- _Exercise instructions_: Output nothing except the lines from the one containing "Welcome to LinuxHelp.com." through the final line of the data, both included, typed exactly, minus the pictures.

- _Input material_:
******************************

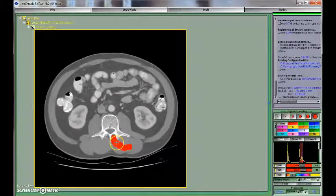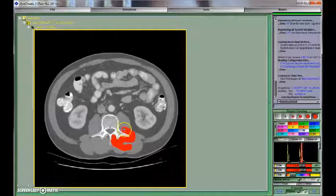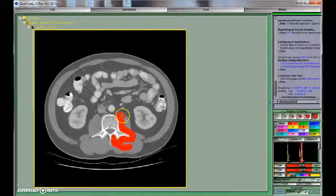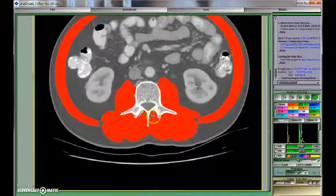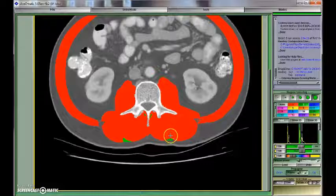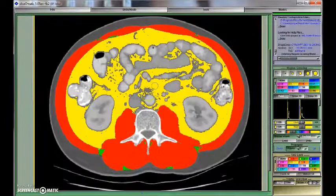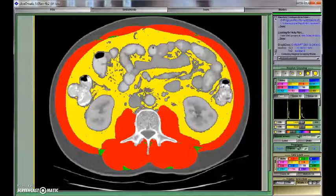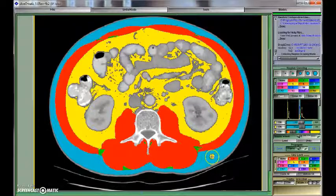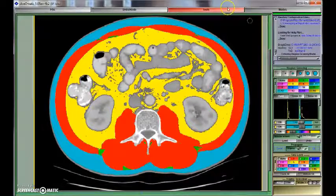The next step is to select a brush size and to manually identify each tissue at the pre-specified corresponding color. Now we are coloring the skeletal muscle. Next we color intramuscular adipose tissue. Here is how selected areas of visceral adipose tissue will look like for this image, and finally subcutaneous adipose tissue.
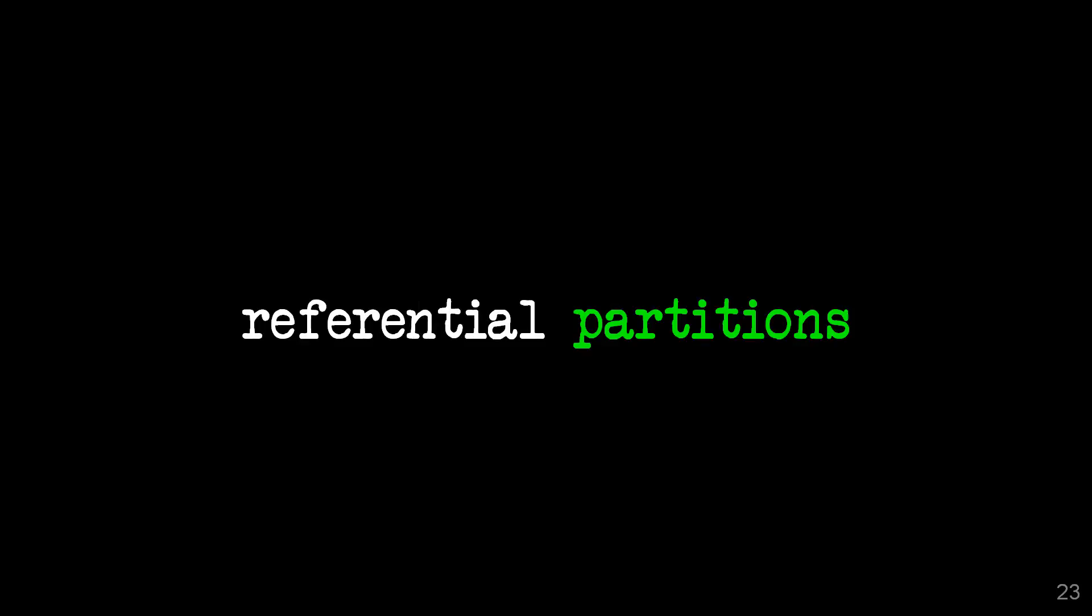One of the cool things is if you're using a referential partition system, you can actually truncate referential tables at the partition level. So truncate one partition in the parent and that will cascade down to a partition in the child.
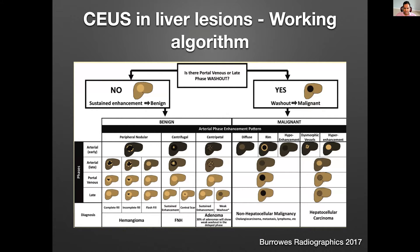This is from a Radiographics paper in 2017 from Burrows. I really like this algorithm because it talks about how to start with benign versus malignant and then how to sub-characterize them. The working algorithm begins with the first question: is there portal venous or late phase washout? If there is no washout, it's most likely a benign lesion. If there is washout, it's a malignant lesion.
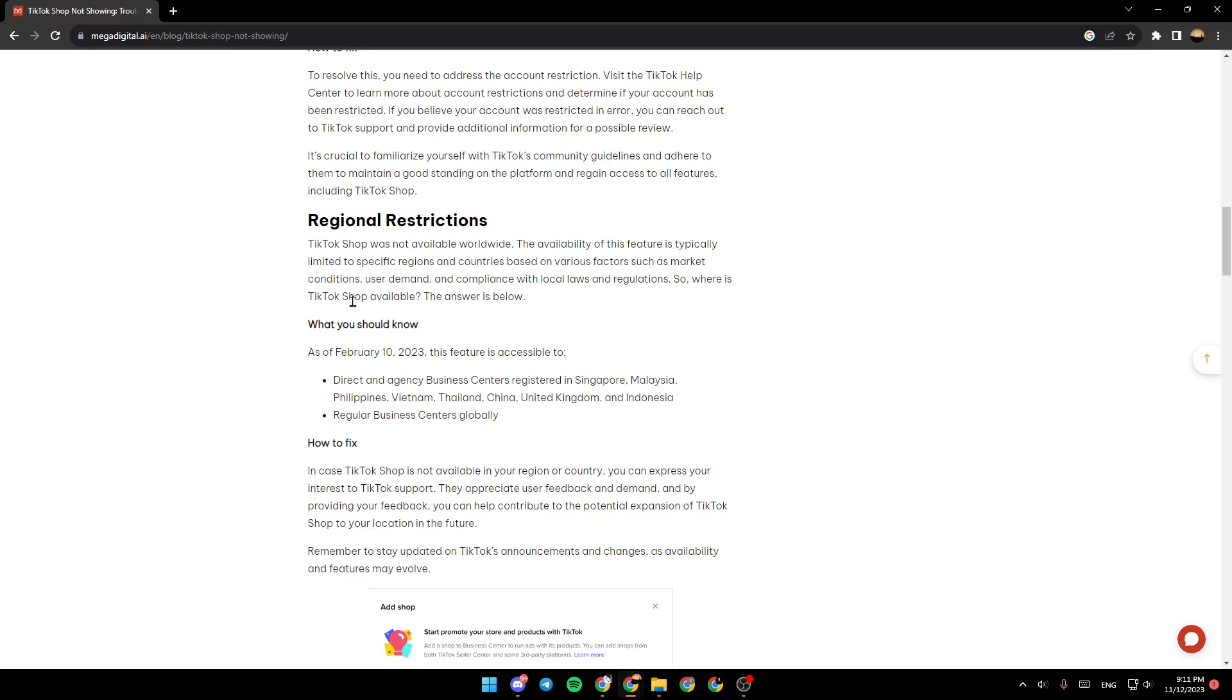So where is TikTok Shop available? The answer is below. What you should know: As of February 10, 2023, this feature is accessible to direct and agency business centers registered in Singapore, Malaysia, Philippines, Vietnam, Thailand, China, United Kingdom, and Indonesia, and regular business centers globally.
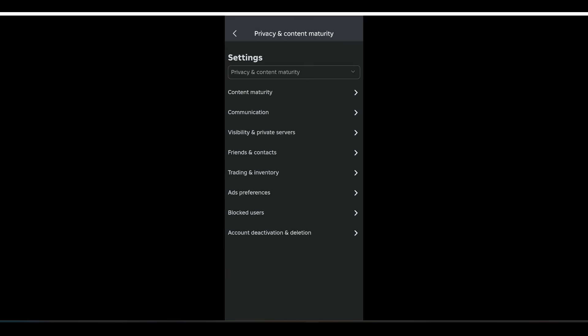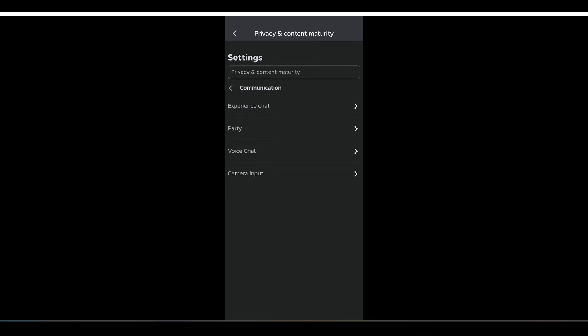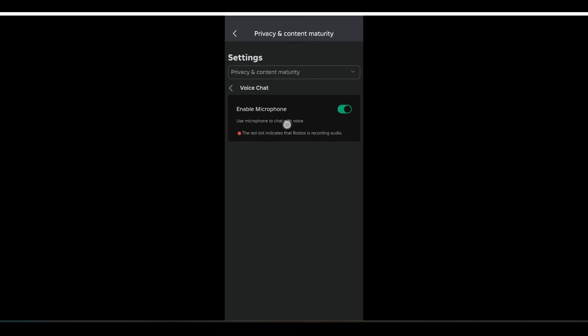Now tap on the communication option and tap on voice chat and enable the microphone from here by tapping on this toggle button to turn on the voice chat. So this is how you can do it.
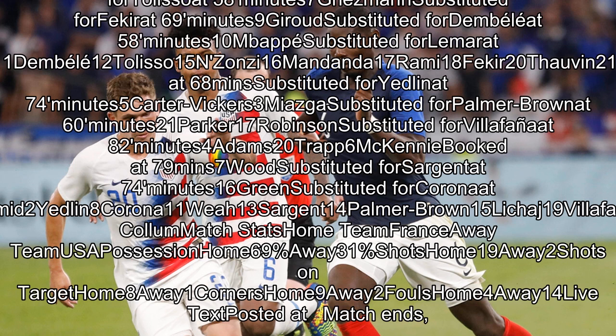USA lineup: Arreola 12, Steffen 18; Moore booked at 68 minutes, substituted for Yedlin at 74 minutes; Carter-Vickers 5, Miosga substituted for Palmer Brown at 60 minutes; Parker 17, Robinson substituted for Villafana at 82 minutes, Adams 20, Trapp 6.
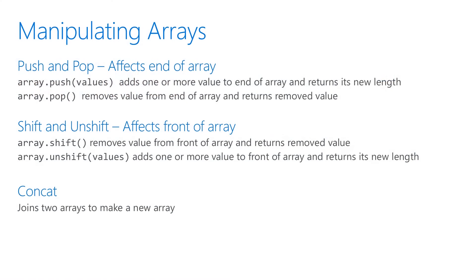Push and pop will change values at the end of the array by adding them with push or removing them with pop.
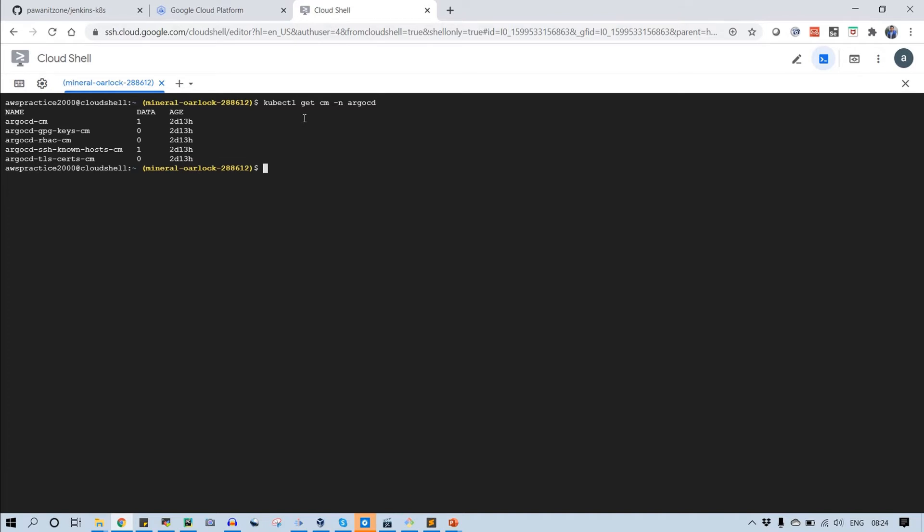When you type kubectl get cm-namespace Argo CD, it gives you the configuration map files. You can see the first one, Argo CD.cm. This config map is holding all of the users required to be there in Argo CD server. If you want to add any user, you need to modify this config map file.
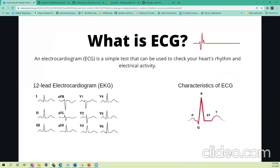Basically, ECG is a simple test that can be used to check the human heart's rhythm and electrical activity. As you can see in the given image, it has a 12-lead electrocardiogram and it is composed of P wave, QRS complex, and T wave. The QRS complex is often three separate waves: Q wave, R wave, and S wave. The P wave is caused by the electrical potentials generated as the atria depolarize.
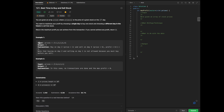In example 1, we have prices [7, 1, 5, 3, 6, 4] and the output is 5, which is the maximum profit. We buy on day 2 at price 1, and we sell on day 5 at price 6. Counting through the array indices gives us days 1 through 6, and the difference between 6 and 1 is 5.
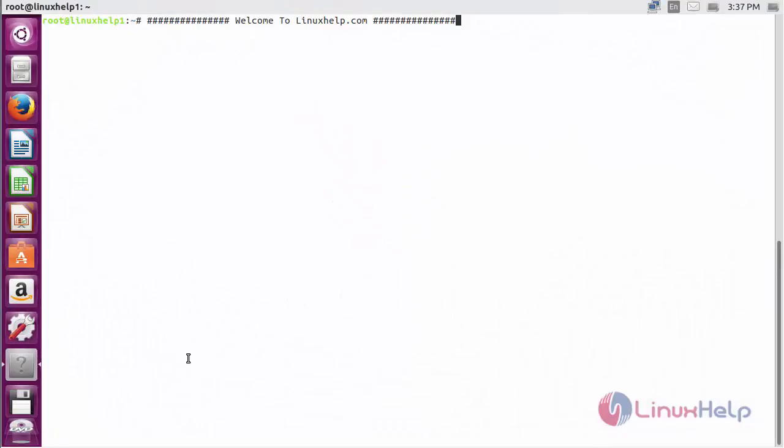Welcome to LinuxHelp.com. In this session, we are going to see how to install Arduino IDE on Ubuntu 16.04. Arduino IDE is a free open source IDE software developed by the Arduino team for those who want to create DIY and Arduino-based projects.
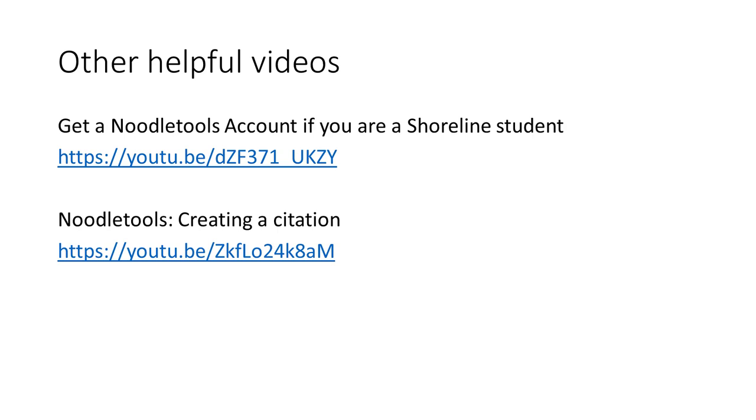If you need to create a NoodleTools account, watch the video called Get a NoodleTools Account if you are a Shoreline student from the Ray Howard Library YouTube channel.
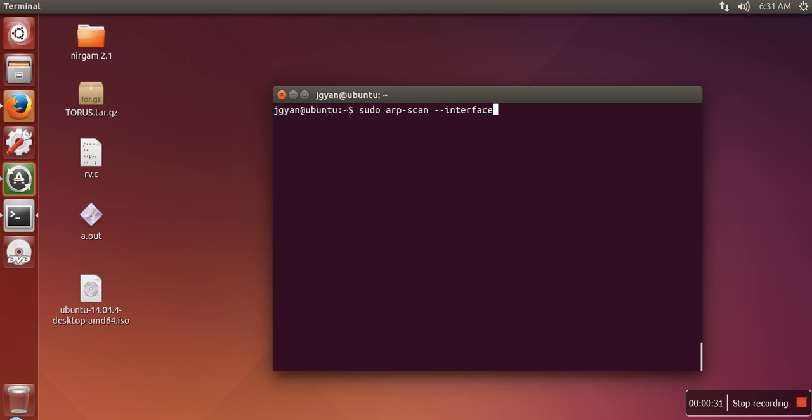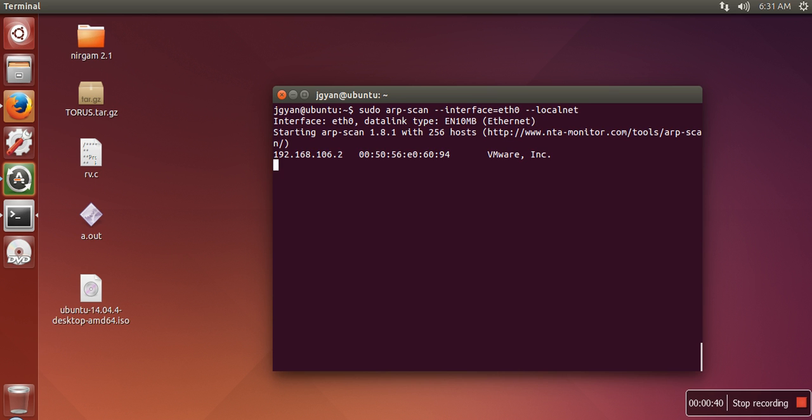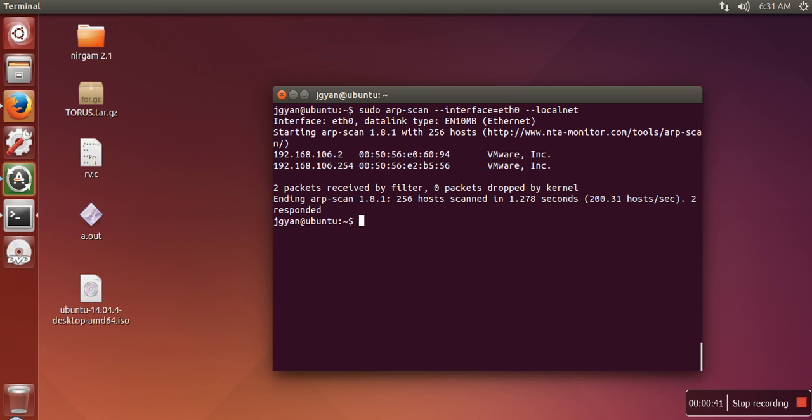You need to specify which interface you want to use for scanning, so I'm writing eth0 and local NAT. The thing is that I'm running this operating system in a virtual machine, so that's why it's showing these two addresses.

******************************

- _Answer to this exercise_:
Welcome to LinuxHelp.com. In this session, we are going to see how to install Arduino IDE on Ubuntu 16.04. Arduino IDE is a free open source IDE software developed by the Arduino team for those who want to create DIY and Arduino-based projects.
If you need to create a NoodleTools account, watch the video called Get a NoodleTools Account if you are a Shoreline student from the Ray Howard Library YouTube channel.
You need to specify which interface you want to use for scanning, so I'm writing eth0 and local NAT. The thing is that I'm running this operating system in a virtual machine, so that's why it's showing these two addresses.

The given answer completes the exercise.